When Tessa Keswick first visited China in 1982, working for an investment company looking for opportunities in the newly open country, business meetings were dispiriting affairs. “Everyone was wearing cloth caps and sitting there like this,” she says, hunching her body. “They were all complete Communists and everything was dark and miserable.”

Yet returning in 1997, with her husband, Henry Keswick — then chairman of Jardine Matheson, the Hong Kong-based conglomerate that was built on the lucrative opium trade and today has $64 billion of assets, including the Mandarin Oriental hotel group — the situation was transformed.

Very Like Americans

“There were all these young executives in suits who were free-marketeers. They’d suddenly been released into this new world and, whether it was in the Gobi desert or at the top of the Yangtze, they wanted their people to succeed. The Chinese are very like the Americans, or perhaps the way the Americans were. They are natural capitalists and love being rich. The big cars, the big buildings — you see it all now in the Chinese cities.”

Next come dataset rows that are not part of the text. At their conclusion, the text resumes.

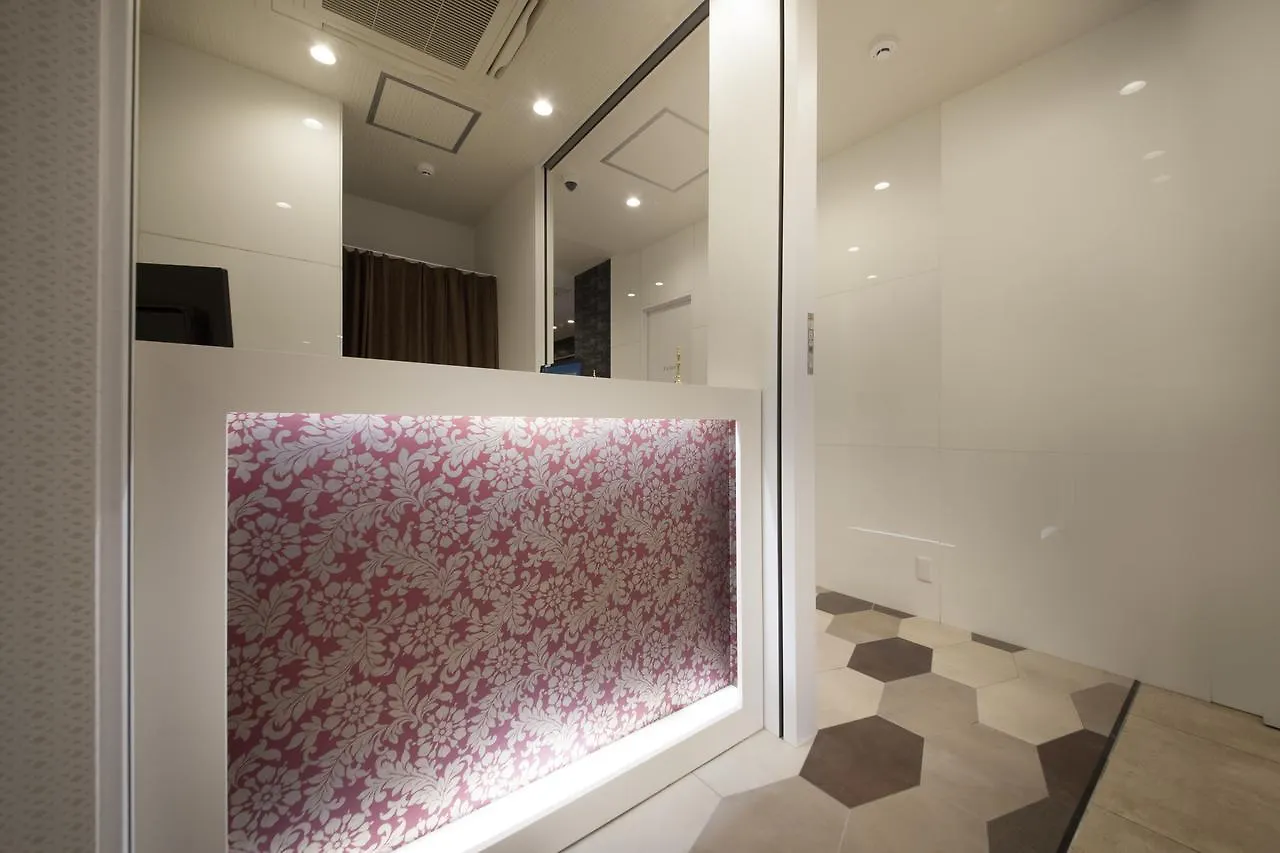 טוקיו Centurion Ladies Hostel Ueno Park מלון קפסולה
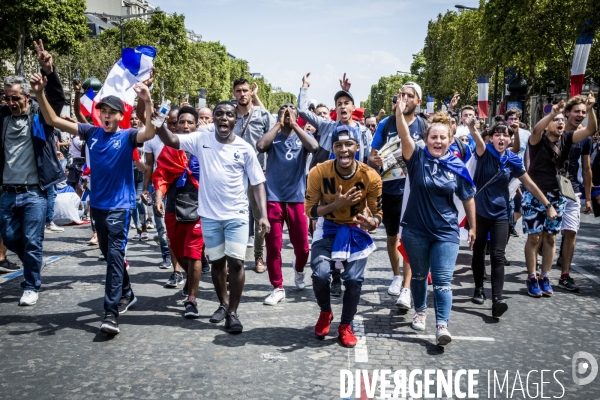 Coupe du Monde de Football 2018 - L attente des Bleus sur les Champs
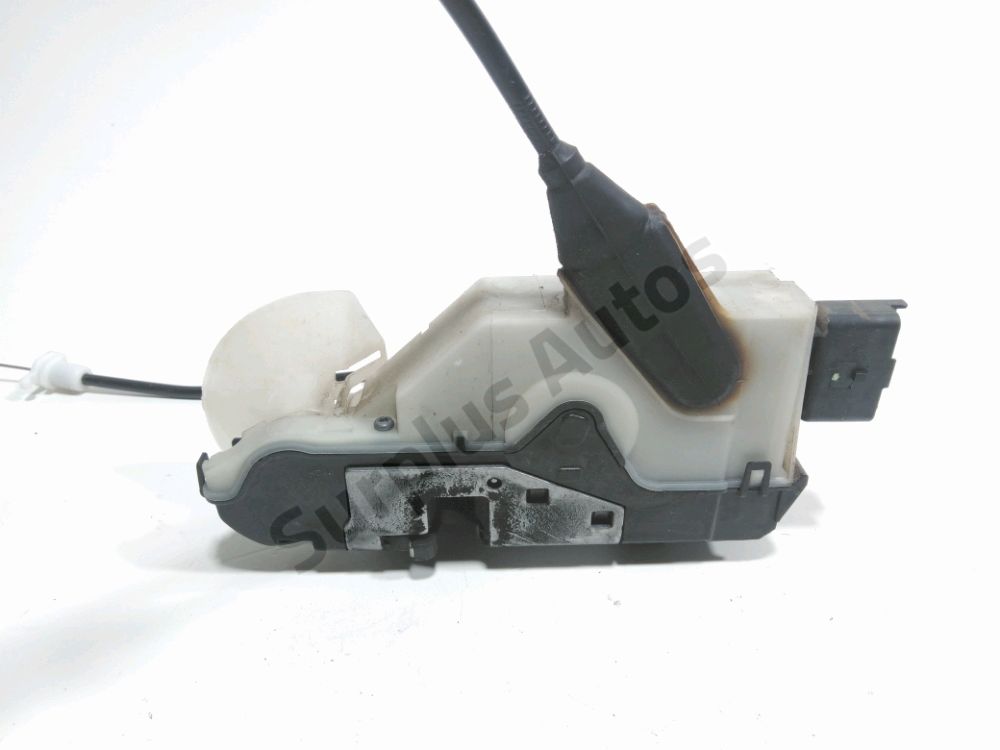 Serrure de porte avant gauche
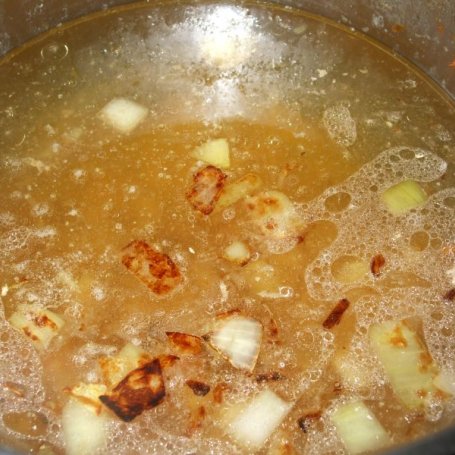 Krok 2 - Zupa cebulowa z grzankami i kiełbasą chorizo foto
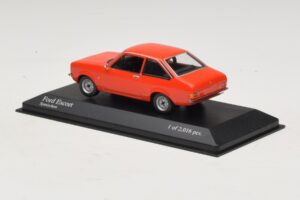 Ford Escort Mk2 Spanish Red Minichamps 1:43 400084100 Metaal — afbeelding 3 van 4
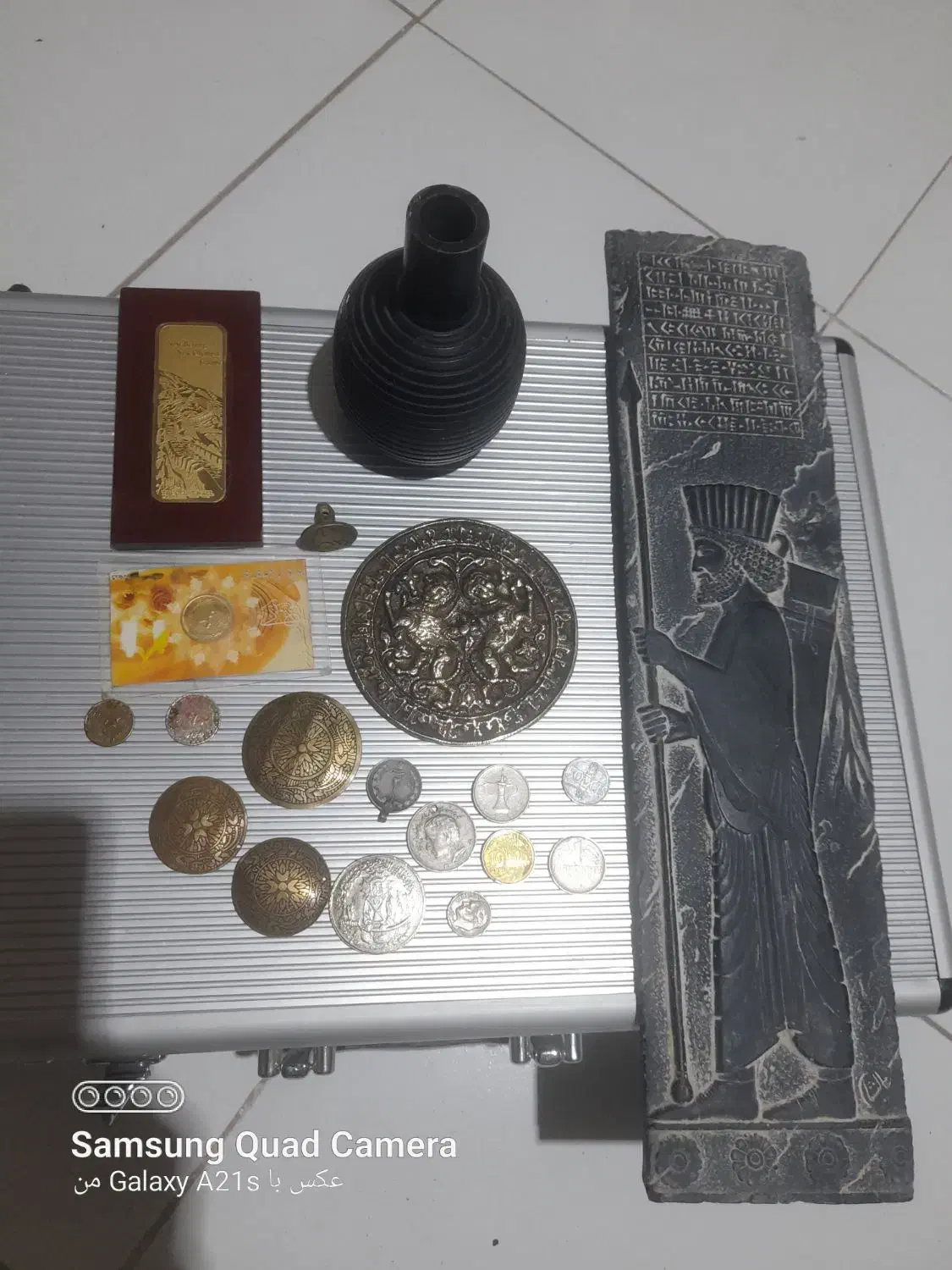 شمایل زمان سلجوقیان و سکه نقره وسکه جمهوری|کلکسیون اشیاء عتیقه|فردیس, ثابتی|دیوار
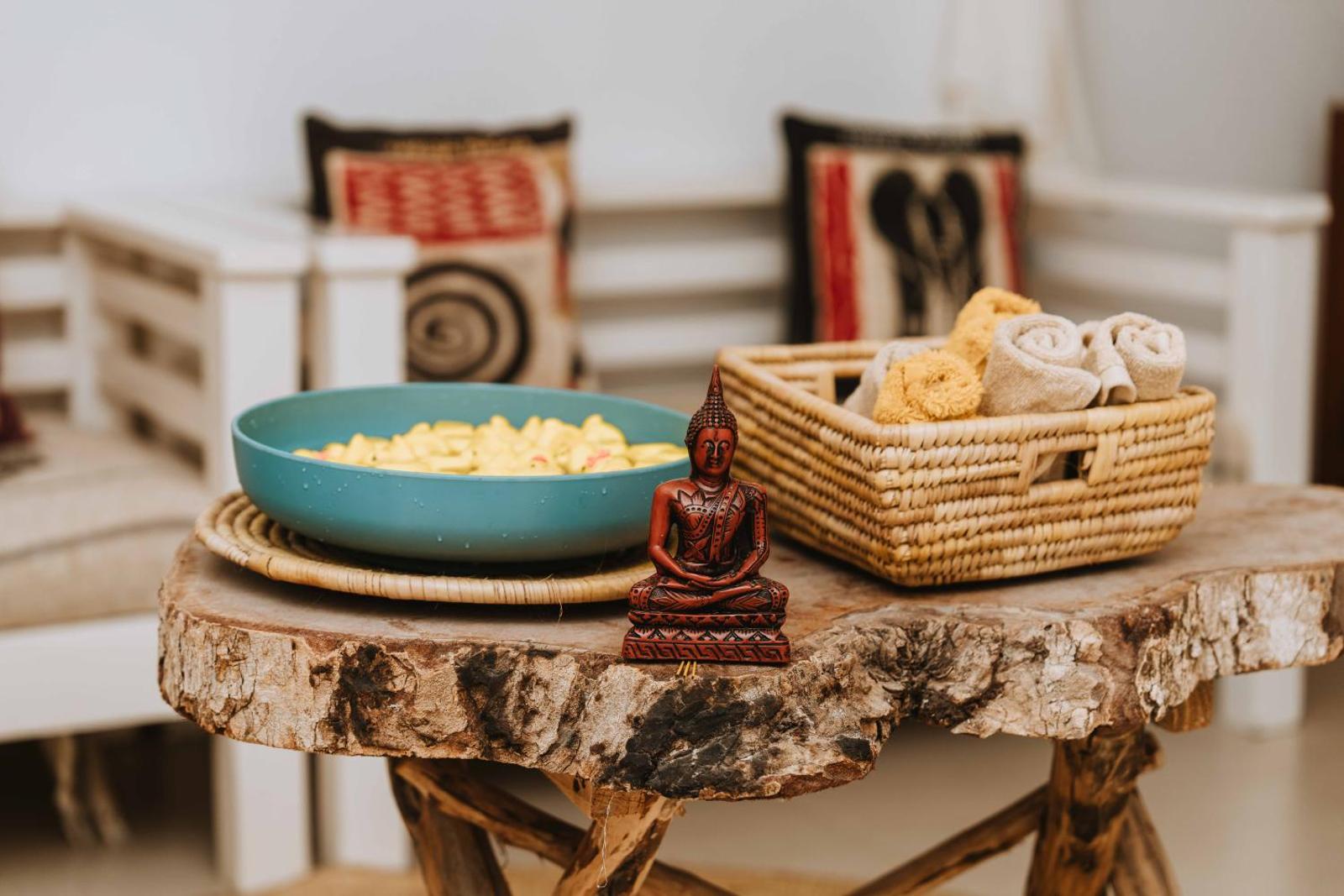 Dhow Inn Boutique Hotel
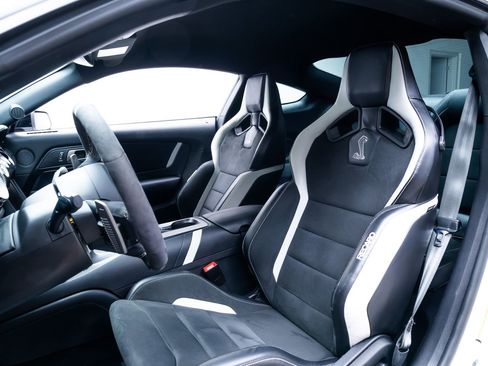 Used 2020 Ford Mustang Shelby GT500 w/ Technology Package RWD image 16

Keswick, 77, is sitting in her London home, yards from the Houses of Parliament. The family, whose private fortune is calculated by The Sunday Times Rich List at $8.3 billion, have a main home in Wiltshire, and 18,000 acres in Scotland. She has written a book, The Colour of the Sky after Rain, about her decades of travels in China, during which she has seen it become a country where “you really feel you’re looking at the future”.

As every nation and big business tries to build relationships with this new superpower, Keswick — who spent several long stints staying with a Chinese family to improve her Mandarin — is concerned about the mutual “fear and suspicion” between China and the West. “Very few people know China well, or the Chinese,” she says. “But they make up one-fifth of the world’s population. We must get on with them and the only way to do that is to see them as they are and not expect things from them that are not in their culture. What the Chinese like are people who are appreciative of them. They are becoming more westernised, but underneath it all is a feeling of, ‘Why don’t these people understand what I’m like?’ ”

“We must get on with them and the only way to do that is to see them as they are and not expect things from them that are not in their culture.”

Fundamental to understanding the Chinese, she says, is China’s lack of an independent judicial system. “[Britons] can communicate on an ordinary polite level, we don’t need to have a real understanding between us, because we know if something goes wrong we can go to the law and have all sorts of protections. But the Chinese have none of that. They call themselves laobaixing, ‘ordinary people’, because there really is nothing between them and the emperor. It has been that way for thousands of years and means they are much more enterprising and resilient than us, but also far more cautious and don’t really open up until they trust you and feel you are telling them absolutely the truth.”

“Why Do You Lecture Us?”

Those looking to woo the Chinese would do well to follow the example of Shanghai-born Sir Henry, 81, who steered his company through the choppy post-Mao waters. “He would never ask them for anything, because he doesn’t want to put them in a position of saying no. That would mean loss of face. You have to be incredibly subtle if you want something and build up a relationship. People going in and being all ‘hard-nosed executive’ is something the Chinese find quite difficult.” Nor, however, should one grovel. “It’s a natural British reaction to say, ‘Your cities are so much bigger than ours, your roads are so much better,’ but the Chinese don’t like that. They long for success. But they’re very humble, so they don’t want you to show off either.” British smoothness can also bamboozle. “We’re very good at being polite, but what is behind that? The Chinese sense that immediately.”

Tessa Keswick, author of The Colour of the Sky After Rain, at home in London.

Mindful of family business interests, she doesn’t want to discuss the pro-democracy protests in Hong Kong. “The Chinese look at the Americans and say, ‘Why do you lecture us? You’ve got 2.3m people in prison — we don’t. You bomb the whole of the Middle East to bits.’ They cannot understand how the Americans do that.

“If only we could have what the Foreign Office calls constructive engagement [with the Chinese], rather than lecture other people on human rights,” Keswick says. “If you start telling countries what to do, you’ve had it.”